I’d add a couple of straight arm movements in between exercises that will involve the biceps (which will fatigue thus somewhat limit the the amount of weight you can use)
Maybe
A - bent row 4-6
B - kayak row 6-8 each side (do a search) or db pull-overs
C - pull - ups 4 - 6
D - regular straight arm cable
E - wide grip fat man pull ups - 2 sec squeeze at peak contraction - 6-8
Do 4 Rounds or less if you fail to hit the rep ranges
Then personally, I would to do 3-4 sets of band or cable face pulls with a good 2 second squeeze, or some eh rear felt raises
10 - 12 reps
CT may concur, or then he may have his own advice.
This has worked for me but I’m no beast like the big Canadian ;0)
CT listed an example lat circuit somewhere based on different contraction types. I think it may have been in a livespill called “Superhero Add-on” or something similar. The idea was that you’d actually do it once or twice a week in conjunction with deadlift days, as you mentioned.

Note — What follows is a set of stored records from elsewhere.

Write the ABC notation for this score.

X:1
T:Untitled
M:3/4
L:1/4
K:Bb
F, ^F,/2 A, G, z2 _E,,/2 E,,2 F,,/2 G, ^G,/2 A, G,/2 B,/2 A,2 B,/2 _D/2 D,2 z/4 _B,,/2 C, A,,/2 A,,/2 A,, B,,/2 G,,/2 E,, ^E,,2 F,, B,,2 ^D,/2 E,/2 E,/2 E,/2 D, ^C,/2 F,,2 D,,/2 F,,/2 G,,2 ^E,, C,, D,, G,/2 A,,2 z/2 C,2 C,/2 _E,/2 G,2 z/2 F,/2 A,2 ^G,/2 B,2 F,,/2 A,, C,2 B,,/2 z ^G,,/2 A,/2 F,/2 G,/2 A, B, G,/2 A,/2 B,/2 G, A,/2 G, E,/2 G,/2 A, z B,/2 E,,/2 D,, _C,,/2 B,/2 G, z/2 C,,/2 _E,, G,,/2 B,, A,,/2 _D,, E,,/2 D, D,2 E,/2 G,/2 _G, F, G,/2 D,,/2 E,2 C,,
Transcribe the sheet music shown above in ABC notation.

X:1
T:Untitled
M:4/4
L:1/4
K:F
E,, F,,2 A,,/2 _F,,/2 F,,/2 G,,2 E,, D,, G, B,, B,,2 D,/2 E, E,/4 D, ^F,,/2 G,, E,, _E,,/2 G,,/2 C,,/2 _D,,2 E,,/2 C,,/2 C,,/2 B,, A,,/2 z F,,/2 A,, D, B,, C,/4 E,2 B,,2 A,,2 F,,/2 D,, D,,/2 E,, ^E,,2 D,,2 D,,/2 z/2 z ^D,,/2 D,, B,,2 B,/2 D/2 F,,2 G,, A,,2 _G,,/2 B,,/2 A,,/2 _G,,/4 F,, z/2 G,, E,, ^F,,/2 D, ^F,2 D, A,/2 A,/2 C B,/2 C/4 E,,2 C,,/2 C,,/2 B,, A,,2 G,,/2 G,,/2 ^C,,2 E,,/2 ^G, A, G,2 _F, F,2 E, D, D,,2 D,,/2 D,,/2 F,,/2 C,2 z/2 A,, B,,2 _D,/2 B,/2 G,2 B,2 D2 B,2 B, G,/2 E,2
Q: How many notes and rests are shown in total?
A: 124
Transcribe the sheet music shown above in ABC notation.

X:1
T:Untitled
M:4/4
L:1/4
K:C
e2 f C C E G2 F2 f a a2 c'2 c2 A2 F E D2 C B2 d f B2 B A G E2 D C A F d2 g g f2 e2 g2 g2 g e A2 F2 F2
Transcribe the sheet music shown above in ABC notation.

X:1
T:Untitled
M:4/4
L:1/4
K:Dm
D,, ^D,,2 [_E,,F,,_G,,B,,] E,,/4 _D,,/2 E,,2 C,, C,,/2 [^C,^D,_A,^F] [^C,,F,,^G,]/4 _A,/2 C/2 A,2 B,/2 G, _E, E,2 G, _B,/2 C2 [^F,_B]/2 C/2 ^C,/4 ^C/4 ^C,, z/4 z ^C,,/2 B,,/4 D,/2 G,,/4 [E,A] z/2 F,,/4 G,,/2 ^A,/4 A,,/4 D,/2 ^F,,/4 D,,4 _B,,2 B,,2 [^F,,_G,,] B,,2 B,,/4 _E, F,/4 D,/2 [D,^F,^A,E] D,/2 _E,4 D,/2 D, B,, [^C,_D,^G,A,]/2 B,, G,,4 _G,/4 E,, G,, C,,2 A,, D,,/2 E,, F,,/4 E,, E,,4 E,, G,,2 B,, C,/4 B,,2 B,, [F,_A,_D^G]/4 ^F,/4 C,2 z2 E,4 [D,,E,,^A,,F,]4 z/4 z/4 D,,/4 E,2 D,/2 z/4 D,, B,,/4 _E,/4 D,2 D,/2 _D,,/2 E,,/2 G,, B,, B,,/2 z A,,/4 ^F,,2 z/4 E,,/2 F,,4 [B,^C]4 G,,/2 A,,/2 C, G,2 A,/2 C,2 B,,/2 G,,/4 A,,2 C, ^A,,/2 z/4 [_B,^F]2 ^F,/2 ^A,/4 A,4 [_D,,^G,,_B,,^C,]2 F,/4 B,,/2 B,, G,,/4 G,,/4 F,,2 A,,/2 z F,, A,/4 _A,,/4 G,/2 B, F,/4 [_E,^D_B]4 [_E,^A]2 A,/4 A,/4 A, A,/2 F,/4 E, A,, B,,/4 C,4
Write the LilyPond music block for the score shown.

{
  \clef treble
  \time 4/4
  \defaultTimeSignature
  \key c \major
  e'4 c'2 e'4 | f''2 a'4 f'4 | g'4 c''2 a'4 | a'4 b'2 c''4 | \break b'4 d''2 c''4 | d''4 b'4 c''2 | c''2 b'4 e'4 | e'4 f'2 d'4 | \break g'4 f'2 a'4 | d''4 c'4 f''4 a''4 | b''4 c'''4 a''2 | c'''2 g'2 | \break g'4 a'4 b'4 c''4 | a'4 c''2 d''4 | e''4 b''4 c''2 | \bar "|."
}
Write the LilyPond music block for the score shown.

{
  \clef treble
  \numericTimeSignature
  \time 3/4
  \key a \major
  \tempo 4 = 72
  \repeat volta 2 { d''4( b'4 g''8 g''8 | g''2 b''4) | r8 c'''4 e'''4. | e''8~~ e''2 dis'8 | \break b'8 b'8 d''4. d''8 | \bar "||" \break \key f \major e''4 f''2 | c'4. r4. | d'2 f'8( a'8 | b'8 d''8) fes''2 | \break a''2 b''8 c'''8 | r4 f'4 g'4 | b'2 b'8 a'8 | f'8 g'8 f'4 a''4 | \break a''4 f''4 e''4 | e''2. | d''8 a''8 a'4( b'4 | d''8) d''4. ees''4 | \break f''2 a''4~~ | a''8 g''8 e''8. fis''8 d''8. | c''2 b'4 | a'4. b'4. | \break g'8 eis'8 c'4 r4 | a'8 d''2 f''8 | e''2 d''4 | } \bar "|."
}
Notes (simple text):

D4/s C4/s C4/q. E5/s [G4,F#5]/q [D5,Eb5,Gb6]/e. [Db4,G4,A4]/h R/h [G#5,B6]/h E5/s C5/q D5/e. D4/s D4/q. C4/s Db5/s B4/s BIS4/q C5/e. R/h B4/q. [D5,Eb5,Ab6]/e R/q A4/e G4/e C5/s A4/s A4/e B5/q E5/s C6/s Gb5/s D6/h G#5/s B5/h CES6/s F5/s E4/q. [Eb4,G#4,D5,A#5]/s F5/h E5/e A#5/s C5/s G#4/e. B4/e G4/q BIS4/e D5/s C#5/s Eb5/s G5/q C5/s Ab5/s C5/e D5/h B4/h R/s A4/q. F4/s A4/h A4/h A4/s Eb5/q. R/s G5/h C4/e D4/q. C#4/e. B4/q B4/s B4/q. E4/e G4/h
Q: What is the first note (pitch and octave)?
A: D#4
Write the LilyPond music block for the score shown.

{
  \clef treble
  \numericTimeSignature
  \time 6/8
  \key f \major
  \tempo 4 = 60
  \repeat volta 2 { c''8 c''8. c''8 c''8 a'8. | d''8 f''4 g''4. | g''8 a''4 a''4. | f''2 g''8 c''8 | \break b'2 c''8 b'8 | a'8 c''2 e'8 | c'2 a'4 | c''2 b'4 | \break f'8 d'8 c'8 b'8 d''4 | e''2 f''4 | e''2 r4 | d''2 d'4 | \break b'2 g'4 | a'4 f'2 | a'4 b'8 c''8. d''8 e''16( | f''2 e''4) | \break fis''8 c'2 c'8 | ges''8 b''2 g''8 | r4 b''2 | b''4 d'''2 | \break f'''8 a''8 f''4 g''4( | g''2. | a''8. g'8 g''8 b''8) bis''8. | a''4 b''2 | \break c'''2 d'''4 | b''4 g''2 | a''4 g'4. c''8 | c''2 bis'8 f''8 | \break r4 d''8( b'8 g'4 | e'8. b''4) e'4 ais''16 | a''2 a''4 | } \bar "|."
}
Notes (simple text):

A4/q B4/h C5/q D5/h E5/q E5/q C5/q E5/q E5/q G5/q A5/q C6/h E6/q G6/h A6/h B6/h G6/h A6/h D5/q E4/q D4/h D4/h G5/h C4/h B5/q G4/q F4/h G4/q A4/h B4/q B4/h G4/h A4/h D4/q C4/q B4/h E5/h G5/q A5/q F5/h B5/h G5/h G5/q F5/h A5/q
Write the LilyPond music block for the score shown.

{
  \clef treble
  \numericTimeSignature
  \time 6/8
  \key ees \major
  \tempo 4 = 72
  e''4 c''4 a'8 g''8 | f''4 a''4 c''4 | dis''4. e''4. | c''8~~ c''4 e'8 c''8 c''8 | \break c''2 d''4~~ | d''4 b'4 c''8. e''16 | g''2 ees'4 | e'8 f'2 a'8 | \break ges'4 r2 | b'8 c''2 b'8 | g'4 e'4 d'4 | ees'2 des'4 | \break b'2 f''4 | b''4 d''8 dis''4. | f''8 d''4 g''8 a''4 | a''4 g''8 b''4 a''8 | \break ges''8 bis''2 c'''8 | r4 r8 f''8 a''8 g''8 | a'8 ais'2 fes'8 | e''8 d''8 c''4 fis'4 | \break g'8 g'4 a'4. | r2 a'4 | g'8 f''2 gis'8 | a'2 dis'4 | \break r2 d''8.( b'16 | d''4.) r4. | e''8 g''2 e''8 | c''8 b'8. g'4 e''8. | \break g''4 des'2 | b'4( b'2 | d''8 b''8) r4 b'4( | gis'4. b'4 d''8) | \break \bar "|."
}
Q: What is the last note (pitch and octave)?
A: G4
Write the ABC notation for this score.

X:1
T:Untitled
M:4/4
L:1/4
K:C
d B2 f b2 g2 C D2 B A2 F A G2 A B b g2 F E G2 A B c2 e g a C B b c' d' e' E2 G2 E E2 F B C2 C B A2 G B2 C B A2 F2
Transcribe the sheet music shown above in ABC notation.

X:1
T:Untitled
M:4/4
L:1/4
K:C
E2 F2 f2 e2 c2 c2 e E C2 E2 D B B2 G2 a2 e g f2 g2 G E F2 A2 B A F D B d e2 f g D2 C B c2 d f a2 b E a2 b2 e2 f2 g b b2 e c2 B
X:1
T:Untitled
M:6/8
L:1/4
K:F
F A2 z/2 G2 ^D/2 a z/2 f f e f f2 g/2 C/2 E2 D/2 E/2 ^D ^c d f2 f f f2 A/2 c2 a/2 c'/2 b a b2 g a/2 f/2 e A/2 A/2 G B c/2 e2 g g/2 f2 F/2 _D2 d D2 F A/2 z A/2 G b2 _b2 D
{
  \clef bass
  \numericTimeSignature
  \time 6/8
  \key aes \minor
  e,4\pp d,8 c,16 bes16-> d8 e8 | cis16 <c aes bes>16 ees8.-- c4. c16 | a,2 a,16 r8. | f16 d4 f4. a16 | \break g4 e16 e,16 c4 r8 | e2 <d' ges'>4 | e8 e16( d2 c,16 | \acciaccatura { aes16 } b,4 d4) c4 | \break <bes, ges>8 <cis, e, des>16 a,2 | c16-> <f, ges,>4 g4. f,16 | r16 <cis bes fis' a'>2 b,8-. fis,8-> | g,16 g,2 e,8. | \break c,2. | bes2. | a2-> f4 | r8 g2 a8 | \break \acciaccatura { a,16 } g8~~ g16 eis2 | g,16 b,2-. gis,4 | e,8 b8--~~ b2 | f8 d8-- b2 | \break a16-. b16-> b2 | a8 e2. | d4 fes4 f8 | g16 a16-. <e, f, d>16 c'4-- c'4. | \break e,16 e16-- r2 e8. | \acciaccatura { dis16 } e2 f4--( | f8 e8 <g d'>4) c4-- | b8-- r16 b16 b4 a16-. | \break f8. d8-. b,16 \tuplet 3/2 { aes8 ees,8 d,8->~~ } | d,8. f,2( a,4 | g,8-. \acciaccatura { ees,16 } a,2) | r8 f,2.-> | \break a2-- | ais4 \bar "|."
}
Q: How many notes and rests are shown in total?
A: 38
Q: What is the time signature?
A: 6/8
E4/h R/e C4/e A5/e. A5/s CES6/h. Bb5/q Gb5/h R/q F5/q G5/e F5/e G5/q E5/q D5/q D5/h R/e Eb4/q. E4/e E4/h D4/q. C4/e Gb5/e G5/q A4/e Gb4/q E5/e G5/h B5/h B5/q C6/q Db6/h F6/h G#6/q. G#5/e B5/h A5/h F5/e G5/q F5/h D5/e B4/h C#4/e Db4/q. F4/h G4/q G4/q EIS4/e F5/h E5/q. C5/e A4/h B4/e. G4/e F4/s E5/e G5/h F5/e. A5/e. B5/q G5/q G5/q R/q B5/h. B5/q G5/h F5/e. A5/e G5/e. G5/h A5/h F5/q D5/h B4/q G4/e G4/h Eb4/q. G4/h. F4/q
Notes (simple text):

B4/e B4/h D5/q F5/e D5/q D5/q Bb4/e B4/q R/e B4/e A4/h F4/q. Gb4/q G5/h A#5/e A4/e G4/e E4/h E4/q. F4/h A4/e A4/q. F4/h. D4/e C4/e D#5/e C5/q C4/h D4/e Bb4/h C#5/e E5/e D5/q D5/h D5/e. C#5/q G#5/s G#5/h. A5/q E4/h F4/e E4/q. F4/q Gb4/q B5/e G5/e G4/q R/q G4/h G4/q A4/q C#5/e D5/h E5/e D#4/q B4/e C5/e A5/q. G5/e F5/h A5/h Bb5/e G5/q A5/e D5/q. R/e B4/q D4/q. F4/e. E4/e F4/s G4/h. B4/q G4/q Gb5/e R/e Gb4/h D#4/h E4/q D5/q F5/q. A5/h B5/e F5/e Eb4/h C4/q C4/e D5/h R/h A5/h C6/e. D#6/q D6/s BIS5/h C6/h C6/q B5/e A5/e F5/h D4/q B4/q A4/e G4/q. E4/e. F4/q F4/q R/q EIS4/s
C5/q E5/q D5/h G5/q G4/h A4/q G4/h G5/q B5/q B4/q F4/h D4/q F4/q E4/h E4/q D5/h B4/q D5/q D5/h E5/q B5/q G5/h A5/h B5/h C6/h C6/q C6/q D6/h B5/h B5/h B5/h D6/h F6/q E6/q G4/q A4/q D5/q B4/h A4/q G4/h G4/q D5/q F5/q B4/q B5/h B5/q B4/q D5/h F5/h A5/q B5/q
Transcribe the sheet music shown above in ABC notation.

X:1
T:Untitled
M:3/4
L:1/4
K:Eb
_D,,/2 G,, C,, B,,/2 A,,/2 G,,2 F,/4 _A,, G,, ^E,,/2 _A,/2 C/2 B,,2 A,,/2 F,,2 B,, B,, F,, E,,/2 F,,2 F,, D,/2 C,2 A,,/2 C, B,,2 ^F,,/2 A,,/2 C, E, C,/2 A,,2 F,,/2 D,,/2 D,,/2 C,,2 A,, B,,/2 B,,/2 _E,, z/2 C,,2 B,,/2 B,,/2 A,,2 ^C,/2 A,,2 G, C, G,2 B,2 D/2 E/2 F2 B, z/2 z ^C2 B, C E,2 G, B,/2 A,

I’ve taken into account both of these responses, and I’ve thought of another important question: how long should I be doing this sort of circuit training?
the Superhero program is 6 weeks, however I haven’t been following it to a tee and have modified it. On that note, I have been doing it for probably close to 6 weeks already, but I love it so much that I don’t want to stop! Since the intensity isn’t the same as CT originally designed the program, would it be okay if I extend this style of training past the 6-week suggestion?
EDIT: Also, I’d like to add that when I perform one of these circuits, that’s it–I only do one of these per workout, unlike what is advocated where 2 sessions are completed each workout. Perhaps that sheds even more light on the intensity issue, as my main question is if this could lead to overtraining or CNS fatigue.
I did the superhero complexes a couple times back to back, with small variations each cycle. I don’t see any reason you can’t do that.
One lat workout like this is probably the right way to go: it tends to be less performance based, with higher reps and more accumulated fatigue.
Call me crazy, but I feel like using straps on pulling movements keeps me “fresher”. Maybe try that if you’re nervous about burning out, but really it’s just kind of important to monitor how you feel. If you start feeling rundown and unmotivated, back off.
Noted. I’m usually paranoid about “overtraining,” yet continually forget that my body will tell me when too much is too much. I haven’t been using straps very often, for I am working on grip strength, but occasionally it’ll save my wrists on Back days.